Title: Goodnight Mister Tom
Author: Michelle Magorian
Type: Fiction
Page Count/Review Word Count: 304
Rating: 4*/5
I had to read and study this book when I was in secondary school, but I was lucky enough to really enjoy it at the time and to still have pleasant memories of it even today. When I first read it, I was so hooked by the story that I read ahead of everyone else, so while the teacher went around the classroom and picked people to read it aloud as the rest of us followed along with the book, I was eighty pages further in and just reading it like a normal person. It was great.
I also remember watching the movie adaptation in the classroom, although even then at fourteen or so I preferred the book to the movie. The characterisation is fantastic, even if much of that is demonstrated in the way that the characters react to what’s happening with the Second World War, and while it isn’t exactly a thriller, it has its fair share of twists and turns that will keep you interested as a reader. In fact, there’s something here for readers of all ages, and I think that by its very nature, its held up well to the test of time.
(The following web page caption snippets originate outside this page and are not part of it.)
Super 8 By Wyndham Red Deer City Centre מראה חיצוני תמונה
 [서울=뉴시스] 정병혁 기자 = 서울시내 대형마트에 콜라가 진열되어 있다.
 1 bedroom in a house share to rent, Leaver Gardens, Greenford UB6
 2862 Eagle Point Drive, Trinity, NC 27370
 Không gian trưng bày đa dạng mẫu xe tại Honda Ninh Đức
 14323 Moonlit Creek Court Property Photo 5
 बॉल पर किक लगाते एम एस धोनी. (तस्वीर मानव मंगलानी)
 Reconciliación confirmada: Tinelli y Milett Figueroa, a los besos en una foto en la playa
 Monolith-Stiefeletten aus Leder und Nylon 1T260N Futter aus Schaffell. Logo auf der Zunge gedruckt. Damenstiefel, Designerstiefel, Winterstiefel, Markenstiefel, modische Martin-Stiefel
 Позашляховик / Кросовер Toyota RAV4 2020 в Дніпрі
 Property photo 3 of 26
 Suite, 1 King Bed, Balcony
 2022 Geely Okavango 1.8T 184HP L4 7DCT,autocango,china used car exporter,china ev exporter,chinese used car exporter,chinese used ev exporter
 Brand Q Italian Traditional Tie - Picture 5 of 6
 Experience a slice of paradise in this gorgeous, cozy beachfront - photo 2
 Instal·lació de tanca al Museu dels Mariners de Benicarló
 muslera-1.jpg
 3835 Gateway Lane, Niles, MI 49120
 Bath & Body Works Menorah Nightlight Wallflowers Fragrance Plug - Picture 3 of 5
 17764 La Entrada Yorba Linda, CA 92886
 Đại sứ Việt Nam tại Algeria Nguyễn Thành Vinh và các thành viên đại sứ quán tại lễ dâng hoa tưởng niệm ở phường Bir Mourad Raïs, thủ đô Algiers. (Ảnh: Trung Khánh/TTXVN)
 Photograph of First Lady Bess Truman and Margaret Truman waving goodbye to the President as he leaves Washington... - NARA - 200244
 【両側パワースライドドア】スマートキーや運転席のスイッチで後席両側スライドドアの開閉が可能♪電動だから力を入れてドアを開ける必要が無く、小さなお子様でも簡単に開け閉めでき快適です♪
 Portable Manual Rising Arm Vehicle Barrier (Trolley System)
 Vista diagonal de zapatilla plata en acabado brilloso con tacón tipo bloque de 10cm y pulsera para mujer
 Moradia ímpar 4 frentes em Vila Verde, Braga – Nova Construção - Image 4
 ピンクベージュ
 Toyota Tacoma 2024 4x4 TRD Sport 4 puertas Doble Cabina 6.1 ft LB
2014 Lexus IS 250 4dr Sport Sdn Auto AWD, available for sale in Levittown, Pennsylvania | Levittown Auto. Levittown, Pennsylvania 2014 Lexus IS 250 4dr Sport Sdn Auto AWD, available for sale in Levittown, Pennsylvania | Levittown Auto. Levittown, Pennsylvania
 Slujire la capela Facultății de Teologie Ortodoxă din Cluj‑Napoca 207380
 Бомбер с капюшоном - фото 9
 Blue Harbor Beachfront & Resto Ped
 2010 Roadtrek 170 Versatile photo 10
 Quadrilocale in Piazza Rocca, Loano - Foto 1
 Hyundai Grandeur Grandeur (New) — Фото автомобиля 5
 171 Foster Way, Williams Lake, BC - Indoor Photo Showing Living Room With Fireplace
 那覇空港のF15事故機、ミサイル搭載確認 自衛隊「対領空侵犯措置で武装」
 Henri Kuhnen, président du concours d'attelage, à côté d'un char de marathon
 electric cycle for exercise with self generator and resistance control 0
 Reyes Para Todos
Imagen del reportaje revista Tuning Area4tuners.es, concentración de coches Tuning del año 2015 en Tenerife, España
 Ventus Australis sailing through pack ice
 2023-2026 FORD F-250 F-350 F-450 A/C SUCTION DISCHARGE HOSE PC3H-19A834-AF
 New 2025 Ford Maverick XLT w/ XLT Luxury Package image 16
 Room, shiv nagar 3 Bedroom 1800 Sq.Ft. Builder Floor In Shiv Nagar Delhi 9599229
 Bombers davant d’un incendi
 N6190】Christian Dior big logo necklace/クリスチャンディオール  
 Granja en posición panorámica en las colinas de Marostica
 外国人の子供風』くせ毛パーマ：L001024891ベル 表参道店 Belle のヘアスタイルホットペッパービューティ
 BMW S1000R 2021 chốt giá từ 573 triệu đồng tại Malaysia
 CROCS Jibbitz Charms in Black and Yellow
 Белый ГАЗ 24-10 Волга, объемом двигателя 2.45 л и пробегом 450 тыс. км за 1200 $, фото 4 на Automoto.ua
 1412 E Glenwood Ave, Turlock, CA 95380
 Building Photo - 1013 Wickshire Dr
Books like Goodnight Mr. Tom are important, and I think that by reading them we help to preserve a time in history that shouldn’t be forgotten. I think this one in particular does a great job of showing human nature through the creation of complex characters and complex relationships between those characters. All of this comes together into a great little book that definitely deserved its place on my school’s curriculum, and it’ll also tug at your heart strings as you’re reading it. Bring tissues.